UI/UX Articles and Interesting Tidbits of the Week

Pedro Canhenha
4 min readJul 9, 2023

July//7//2023

Here are some interesting finds on UI/UX of the week!

1.

Where to go on the Web. Really love this article from David Pierce for The Verge in which the author essentially reflects on the meaning and concept of the internet as a democratic space for exchange of ideas and concepts, and how the introduction of social media has shifted that paradigm, and finally now the implosion of some of its stalwarts is leaving a gap in everyone’s digital life experience. The author observes and provides details on a series of new applications all of which seem to be aiming to fulfill these social interaction gaps, while also providing an interesting reflection on what comes next, even as he looks to the past of how these different tools have evolved and shaped our own expectations. Highlight of the article includes:

“Why is this all happening right now? Lots of reasons, actually, most of them at least somewhat defensible. The economy has gone sour, and after more than a decade of low interest rates and access to nearly unlimited and nearly free money, companies are finding their funding sources to be fewer and more finicky than ever. Those investors are also asking for real returns on that funding, so all these companies have had to switch from “growth at all costs” to “actually make some money.” Few social networking companies have ever made real money, and so they’re scrambling for new features and pivoting to whatever smells like quarterly results.
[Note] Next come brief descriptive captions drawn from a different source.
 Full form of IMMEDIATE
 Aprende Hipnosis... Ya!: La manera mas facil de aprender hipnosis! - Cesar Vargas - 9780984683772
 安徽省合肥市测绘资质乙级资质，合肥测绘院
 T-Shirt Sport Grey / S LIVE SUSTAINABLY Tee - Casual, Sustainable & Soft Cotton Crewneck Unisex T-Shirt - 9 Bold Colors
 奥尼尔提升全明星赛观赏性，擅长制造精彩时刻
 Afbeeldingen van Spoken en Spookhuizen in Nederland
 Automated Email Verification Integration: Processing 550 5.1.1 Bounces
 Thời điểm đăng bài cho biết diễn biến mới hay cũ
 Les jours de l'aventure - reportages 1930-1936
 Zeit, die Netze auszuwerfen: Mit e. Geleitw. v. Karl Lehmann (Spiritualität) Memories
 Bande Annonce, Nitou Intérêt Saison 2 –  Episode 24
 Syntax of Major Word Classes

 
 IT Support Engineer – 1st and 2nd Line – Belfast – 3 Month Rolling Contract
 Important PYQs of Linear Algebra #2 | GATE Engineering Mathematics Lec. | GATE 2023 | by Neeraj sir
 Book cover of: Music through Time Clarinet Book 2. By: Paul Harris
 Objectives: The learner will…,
Add it all up, and the social web is changing in three crucial ways: It’s going from public to private; it’s shifting from growth and engagement, which broadly involves building good products that people like, to increasing revenue no matter the tradeoff; and it’s turning into an entertainment business. It turns out there’s no money in connecting people to each other, but there’s a fortune in putting ads between vertically scrolling videos that lots of people watch. So the “social media” era is giving way to the “media with a comments section” era, and everything is an entertainment platform now. Or, I guess, trying to do payments. Sometimes both. It gets weird.”

2.

What is the Perfect Design Process. Another pertinent article from Vitaly Friedman published in The Smashing Magazine, this time around focused on the topic of Design Processes. The author enumerates the various types of Processes including Double Diamond, Triple Diamond, The Loop, Waterfall, succinctly explaining what each one of them is comprised of, before providing his own perspective on what has worked for him and his teams in his career. This aspect of almost showcasing a case study is very pertinent, as the author goes into the specifics in terms of how he goes through the process and what each phase of it actually entails. Worth reading through. Highlight of the article includes:

“The search team must be measured by the quality of search results for the top 100 search queries over the last two months. People who publish content are owners of that content. It’s their responsibility to keep it up-to-date, rewrite, archive, or delete it. Refine, refine, refine. Keep throwing new components and user journeys to developers. Stop. Test with users to check how we are doing. Keep going and refine in the browser. Continuously and rigorously test. Launch and keep refining. Measure the KPIs and report to the next iteration of the design.”

3.

Self-Care and Job Hunting. Great article from Nikki Anderson-Stanier, published on People Nerds, dScout’s Design blog. The author addresses a very pressing and relevant topic on everyone’s lips these days: job hunting. As I mentioned in one of my articles, in the space of a year, we went from the year of the great resignation to the year of the mass layoffs (well, at least in Tech companies). The author details how her process of dealing with a layoff occurred, including some key takeaways from her experience, which include, setting realistic goals, defining boundaries, taking time to disconnect, getting support, to name but a few. Well worth reading through. Highlight of the article includes:

“At first, I was scouring the internet, applying for 10–20 jobs daily, attending seven or more networking events a week, and connecting with as many people as possible. I was busier than I was at work. I eventually scaled back and started setting more realistic goals and boundaries. For example, I was no longer going to check LinkedIn 87,402 times a day, and I was going to attend only two networking events a week. I also curbed my job application frenzy. I applied for everything under the sun when I first got into user research. It took me over 70 applications to get my first role. It felt the same when I got laid off. I applied to everything I saw and then more. Instead, I decided to apply to one job a day (eventually, it got to one position every other day), and I would put a few hours into that one application. It had to be one I thought was reasonable. I did this because, the first time I was laid off, I applied to every job and — out of sheer desperation — took a job that was a horrible fit and led to many issues.”